**SUPPLIED MATERIAL**
————————
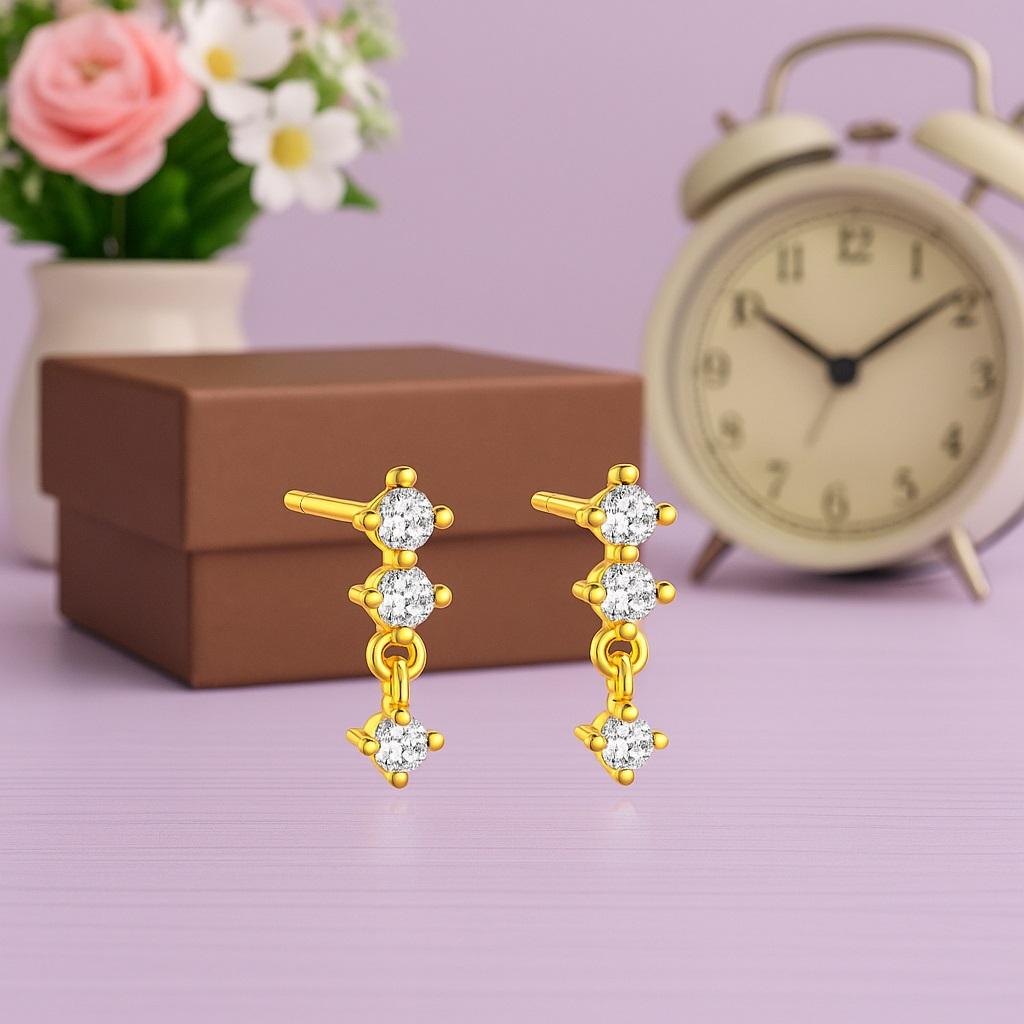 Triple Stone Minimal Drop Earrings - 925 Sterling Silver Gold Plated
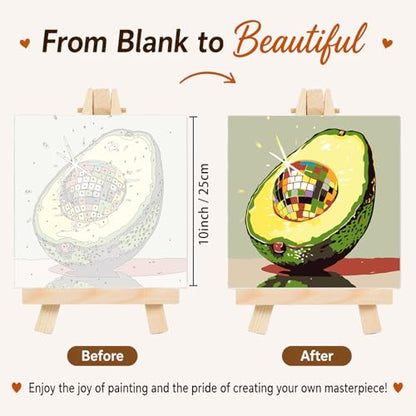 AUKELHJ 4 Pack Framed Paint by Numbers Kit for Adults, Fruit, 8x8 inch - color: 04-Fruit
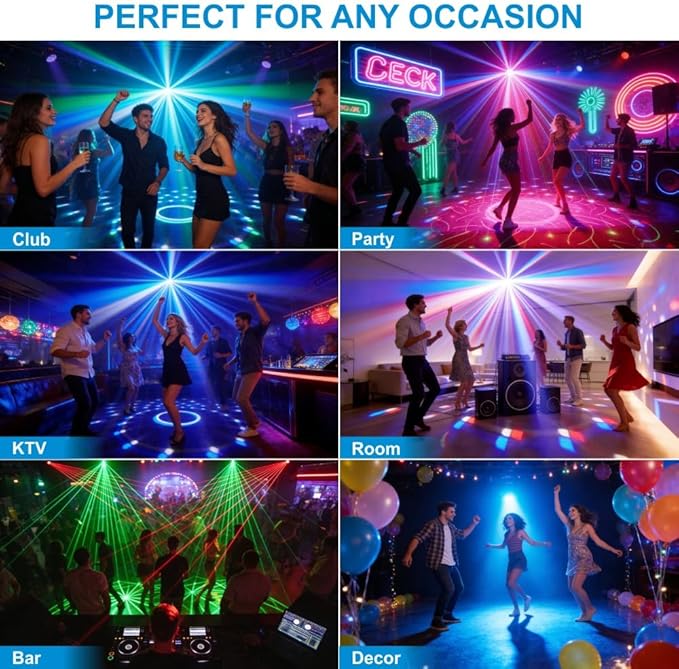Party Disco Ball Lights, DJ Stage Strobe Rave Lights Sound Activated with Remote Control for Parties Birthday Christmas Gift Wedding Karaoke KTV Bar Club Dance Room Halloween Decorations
————————
**PROBLEM TO WORK ON**
Exactly as they appear above, print all the lines, but not the pictures.

**TASK RESPONSE**
 Triple Stone Minimal Drop Earrings - 925 Sterling Silver Gold Plated
 AUKELHJ 4 Pack Framed Paint by Numbers Kit for Adults, Fruit, 8x8 inch - color: 04-Fruit
Party Disco Ball Lights, DJ Stage Strobe Rave Lights Sound Activated with Remote Control for Parties Birthday Christmas Gift Wedding Karaoke KTV Bar Club Dance Room Halloween Decorations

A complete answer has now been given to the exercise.